REQUIRED WORK = Using the entries below, give the count of lines that hold "optical". Say nothing besides the number.

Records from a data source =
········

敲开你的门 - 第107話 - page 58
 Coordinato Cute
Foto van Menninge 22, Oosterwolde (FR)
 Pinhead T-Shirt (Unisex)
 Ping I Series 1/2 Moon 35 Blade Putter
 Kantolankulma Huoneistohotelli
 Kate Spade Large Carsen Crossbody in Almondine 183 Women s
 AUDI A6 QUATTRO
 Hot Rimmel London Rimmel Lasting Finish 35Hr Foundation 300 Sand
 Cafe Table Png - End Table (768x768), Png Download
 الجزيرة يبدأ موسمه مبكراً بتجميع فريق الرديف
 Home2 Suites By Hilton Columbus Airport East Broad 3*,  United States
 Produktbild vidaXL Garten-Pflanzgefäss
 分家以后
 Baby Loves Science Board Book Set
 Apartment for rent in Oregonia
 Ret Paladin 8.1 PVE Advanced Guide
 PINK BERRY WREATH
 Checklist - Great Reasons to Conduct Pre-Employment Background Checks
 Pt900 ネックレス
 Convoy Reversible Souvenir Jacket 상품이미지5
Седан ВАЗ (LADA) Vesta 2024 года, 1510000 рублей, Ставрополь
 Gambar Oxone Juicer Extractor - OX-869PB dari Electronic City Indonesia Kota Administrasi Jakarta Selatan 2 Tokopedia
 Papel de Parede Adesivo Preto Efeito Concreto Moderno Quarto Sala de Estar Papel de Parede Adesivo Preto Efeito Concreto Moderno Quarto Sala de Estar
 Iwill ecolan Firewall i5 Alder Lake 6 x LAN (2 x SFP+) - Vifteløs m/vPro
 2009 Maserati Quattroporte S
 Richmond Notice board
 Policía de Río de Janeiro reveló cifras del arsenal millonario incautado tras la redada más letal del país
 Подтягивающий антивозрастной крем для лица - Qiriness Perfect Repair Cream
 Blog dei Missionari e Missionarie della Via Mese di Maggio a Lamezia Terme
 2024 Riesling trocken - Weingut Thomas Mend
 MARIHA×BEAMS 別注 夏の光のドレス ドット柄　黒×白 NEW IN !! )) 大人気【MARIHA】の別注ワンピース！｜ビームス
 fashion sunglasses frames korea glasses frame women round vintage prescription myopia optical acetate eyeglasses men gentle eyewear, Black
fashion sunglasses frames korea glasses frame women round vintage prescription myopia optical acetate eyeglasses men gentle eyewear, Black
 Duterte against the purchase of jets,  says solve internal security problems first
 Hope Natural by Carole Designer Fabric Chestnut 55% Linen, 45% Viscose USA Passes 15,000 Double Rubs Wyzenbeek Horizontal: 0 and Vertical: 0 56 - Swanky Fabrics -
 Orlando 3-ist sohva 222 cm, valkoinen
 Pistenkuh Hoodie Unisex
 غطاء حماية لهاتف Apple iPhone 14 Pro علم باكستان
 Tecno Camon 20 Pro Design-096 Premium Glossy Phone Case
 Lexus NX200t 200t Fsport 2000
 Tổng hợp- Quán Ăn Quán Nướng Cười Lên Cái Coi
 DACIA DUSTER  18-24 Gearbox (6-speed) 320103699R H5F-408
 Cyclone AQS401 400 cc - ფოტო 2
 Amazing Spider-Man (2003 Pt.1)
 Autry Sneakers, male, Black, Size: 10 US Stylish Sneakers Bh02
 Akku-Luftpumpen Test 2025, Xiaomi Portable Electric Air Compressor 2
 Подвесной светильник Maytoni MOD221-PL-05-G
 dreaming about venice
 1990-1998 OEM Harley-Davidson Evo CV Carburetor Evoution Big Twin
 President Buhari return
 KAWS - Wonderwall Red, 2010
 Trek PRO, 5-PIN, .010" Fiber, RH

········

RESPONSE AREA = 2